-- INPUT DATA follows --

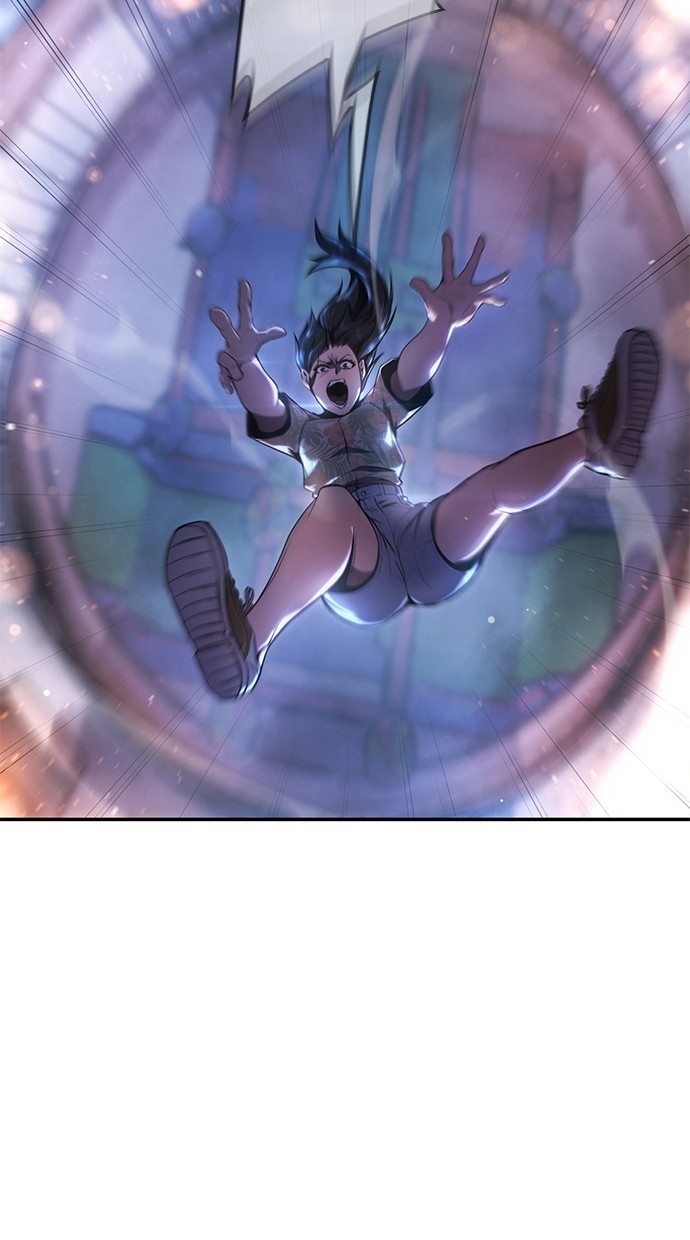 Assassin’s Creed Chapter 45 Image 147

-- INPUT DATA concluded --
-- INPUT DATA follows --

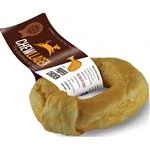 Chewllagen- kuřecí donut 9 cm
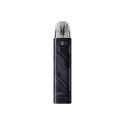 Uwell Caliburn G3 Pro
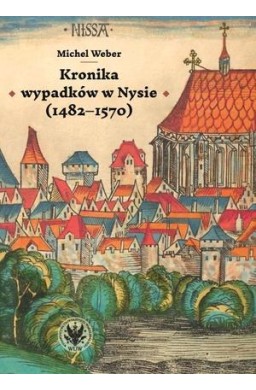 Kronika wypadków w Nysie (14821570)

-- INPUT DATA concluded --
-- INPUT DATA follows --

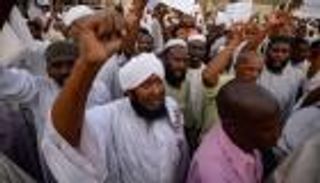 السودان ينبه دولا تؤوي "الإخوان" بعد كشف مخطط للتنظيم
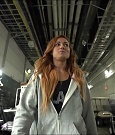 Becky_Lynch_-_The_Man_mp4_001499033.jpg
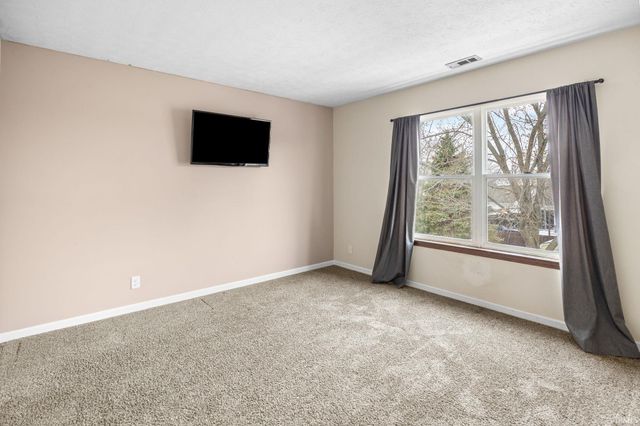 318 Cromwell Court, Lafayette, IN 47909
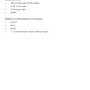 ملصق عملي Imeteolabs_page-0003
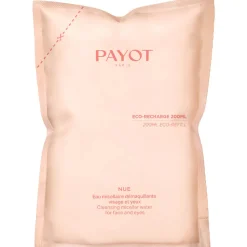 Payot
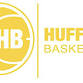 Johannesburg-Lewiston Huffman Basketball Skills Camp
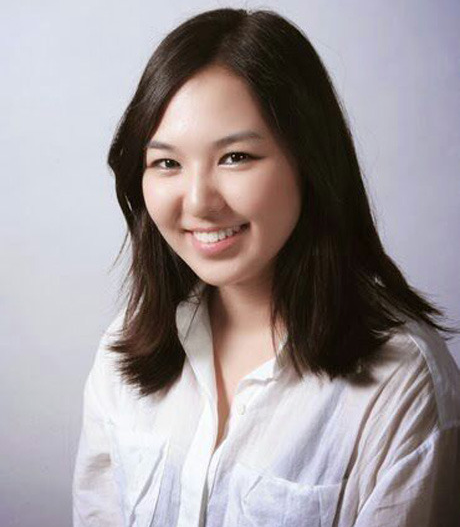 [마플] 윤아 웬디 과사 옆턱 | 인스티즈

-- INPUT DATA concluded --

YOUR ASSIGNMENT: Using the data above, set down each line from the line with "318 Cromwell Court, Lafayette, IN 47909" to the line with "[마플] 윤아 웬디 과사 옆턱 | 인스티즈" exactly, both ends included, and leave the pictures behind. Nothing else belongs.

EXPECTED ANSWER:
 318 Cromwell Court, Lafayette, IN 47909
 ملصق عملي Imeteolabs_page-0003
 Payot
 Johannesburg-Lewiston Huffman Basketball Skills Camp
 [마플] 윤아 웬디 과사 옆턱 | 인스티즈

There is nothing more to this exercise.